Data to process
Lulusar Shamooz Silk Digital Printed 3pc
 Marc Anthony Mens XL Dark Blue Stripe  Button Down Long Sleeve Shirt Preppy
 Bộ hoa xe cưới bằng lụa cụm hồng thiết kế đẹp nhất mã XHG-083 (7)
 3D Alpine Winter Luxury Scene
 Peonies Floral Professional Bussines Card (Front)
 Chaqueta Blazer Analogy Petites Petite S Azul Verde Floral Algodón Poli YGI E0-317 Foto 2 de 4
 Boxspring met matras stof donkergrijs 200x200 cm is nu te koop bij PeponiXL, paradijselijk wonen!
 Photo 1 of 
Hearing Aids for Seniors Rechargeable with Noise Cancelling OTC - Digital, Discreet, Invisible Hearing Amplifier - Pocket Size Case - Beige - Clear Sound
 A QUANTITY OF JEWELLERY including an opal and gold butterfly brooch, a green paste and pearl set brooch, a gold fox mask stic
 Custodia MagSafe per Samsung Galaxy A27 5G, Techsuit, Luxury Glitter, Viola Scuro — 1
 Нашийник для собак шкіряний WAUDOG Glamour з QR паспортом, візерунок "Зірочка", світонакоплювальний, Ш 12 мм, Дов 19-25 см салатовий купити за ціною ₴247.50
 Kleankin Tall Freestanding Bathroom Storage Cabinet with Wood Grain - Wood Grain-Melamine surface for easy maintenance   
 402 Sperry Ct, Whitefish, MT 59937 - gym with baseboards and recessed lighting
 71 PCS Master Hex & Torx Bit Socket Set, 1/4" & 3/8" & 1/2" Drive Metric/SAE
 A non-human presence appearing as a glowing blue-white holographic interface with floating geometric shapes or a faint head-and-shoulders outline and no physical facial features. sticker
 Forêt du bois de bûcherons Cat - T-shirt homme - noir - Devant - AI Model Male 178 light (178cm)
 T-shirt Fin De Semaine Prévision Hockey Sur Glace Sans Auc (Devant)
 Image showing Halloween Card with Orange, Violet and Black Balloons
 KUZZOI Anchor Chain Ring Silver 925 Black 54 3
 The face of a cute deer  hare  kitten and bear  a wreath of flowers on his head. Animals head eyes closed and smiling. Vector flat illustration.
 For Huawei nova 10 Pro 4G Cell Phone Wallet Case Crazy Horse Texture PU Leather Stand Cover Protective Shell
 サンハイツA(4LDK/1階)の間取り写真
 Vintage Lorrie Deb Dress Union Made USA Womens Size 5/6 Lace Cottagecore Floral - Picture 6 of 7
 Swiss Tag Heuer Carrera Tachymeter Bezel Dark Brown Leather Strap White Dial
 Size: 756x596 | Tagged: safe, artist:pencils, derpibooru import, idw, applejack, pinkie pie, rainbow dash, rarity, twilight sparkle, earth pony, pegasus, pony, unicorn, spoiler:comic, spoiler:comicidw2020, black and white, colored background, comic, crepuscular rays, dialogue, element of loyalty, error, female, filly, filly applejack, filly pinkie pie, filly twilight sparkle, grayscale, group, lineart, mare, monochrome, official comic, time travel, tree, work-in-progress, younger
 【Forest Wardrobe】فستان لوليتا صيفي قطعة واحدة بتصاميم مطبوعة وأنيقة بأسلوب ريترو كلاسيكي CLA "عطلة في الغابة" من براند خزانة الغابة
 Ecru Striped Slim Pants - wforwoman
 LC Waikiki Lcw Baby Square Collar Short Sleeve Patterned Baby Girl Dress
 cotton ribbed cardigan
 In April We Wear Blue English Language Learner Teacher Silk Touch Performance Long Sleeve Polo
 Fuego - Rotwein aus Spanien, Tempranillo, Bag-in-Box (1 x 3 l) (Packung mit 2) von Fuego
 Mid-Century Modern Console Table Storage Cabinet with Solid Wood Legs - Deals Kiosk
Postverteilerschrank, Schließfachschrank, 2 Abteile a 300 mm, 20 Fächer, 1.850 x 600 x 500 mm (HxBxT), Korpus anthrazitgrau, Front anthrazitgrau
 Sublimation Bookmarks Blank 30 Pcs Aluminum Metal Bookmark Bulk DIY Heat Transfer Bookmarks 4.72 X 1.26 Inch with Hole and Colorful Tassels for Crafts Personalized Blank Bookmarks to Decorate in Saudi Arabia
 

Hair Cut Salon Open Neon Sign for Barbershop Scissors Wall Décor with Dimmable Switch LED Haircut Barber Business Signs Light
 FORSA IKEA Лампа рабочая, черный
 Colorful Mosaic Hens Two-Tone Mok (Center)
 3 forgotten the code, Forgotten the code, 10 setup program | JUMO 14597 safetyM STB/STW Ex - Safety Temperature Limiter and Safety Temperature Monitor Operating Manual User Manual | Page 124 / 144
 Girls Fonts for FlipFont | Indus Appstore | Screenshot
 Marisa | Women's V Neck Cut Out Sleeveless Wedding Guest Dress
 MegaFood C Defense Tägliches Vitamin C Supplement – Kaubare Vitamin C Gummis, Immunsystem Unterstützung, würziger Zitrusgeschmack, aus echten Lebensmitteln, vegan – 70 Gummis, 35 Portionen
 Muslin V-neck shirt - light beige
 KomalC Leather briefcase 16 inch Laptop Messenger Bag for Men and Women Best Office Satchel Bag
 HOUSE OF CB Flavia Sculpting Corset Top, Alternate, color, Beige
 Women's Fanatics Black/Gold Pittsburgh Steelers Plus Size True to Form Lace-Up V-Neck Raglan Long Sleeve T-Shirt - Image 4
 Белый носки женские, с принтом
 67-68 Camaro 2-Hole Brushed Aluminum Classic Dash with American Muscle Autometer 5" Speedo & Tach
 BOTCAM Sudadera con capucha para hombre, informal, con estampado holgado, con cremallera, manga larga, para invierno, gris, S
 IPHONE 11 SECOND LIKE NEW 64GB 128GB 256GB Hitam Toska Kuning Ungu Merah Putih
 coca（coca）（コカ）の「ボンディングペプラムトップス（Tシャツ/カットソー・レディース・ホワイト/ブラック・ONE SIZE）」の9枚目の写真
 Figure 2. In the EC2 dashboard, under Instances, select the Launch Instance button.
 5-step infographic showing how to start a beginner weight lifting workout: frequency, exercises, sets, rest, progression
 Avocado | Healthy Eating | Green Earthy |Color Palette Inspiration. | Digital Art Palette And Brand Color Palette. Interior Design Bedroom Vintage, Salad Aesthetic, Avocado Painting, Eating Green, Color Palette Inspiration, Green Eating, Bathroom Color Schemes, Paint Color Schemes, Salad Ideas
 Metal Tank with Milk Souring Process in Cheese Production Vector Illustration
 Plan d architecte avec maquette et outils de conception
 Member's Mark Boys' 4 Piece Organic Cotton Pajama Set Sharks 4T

Task objective
Only the lines above from the one with "Vintage Lorrie Deb" up to and including the one with "Postverteilerschrank, Schließfachschrank, 2" should be repeated, exactly as written.

Response box
 Vintage Lorrie Deb Dress Union Made USA Womens Size 5/6 Lace Cottagecore Floral - Picture 6 of 7
 Swiss Tag Heuer Carrera Tachymeter Bezel Dark Brown Leather Strap White Dial
 Size: 756x596 | Tagged: safe, artist:pencils, derpibooru import, idw, applejack, pinkie pie, rainbow dash, rarity, twilight sparkle, earth pony, pegasus, pony, unicorn, spoiler:comic, spoiler:comicidw2020, black and white, colored background, comic, crepuscular rays, dialogue, element of loyalty, error, female, filly, filly applejack, filly pinkie pie, filly twilight sparkle, grayscale, group, lineart, mare, monochrome, official comic, time travel, tree, work-in-progress, younger
 【Forest Wardrobe】فستان لوليتا صيفي قطعة واحدة بتصاميم مطبوعة وأنيقة بأسلوب ريترو كلاسيكي CLA "عطلة في الغابة" من براند خزانة الغابة
 Ecru Striped Slim Pants - wforwoman
 LC Waikiki Lcw Baby Square Collar Short Sleeve Patterned Baby Girl Dress
 cotton ribbed cardigan
 In April We Wear Blue English Language Learner Teacher Silk Touch Performance Long Sleeve Polo
 Fuego - Rotwein aus Spanien, Tempranillo, Bag-in-Box (1 x 3 l) (Packung mit 2) von Fuego
 Mid-Century Modern Console Table Storage Cabinet with Solid Wood Legs - Deals Kiosk
Postverteilerschrank, Schließfachschrank, 2 Abteile a 300 mm, 20 Fächer, 1.850 x 600 x 500 mm (HxBxT), Korpus anthrazitgrau, Front anthrazitgrau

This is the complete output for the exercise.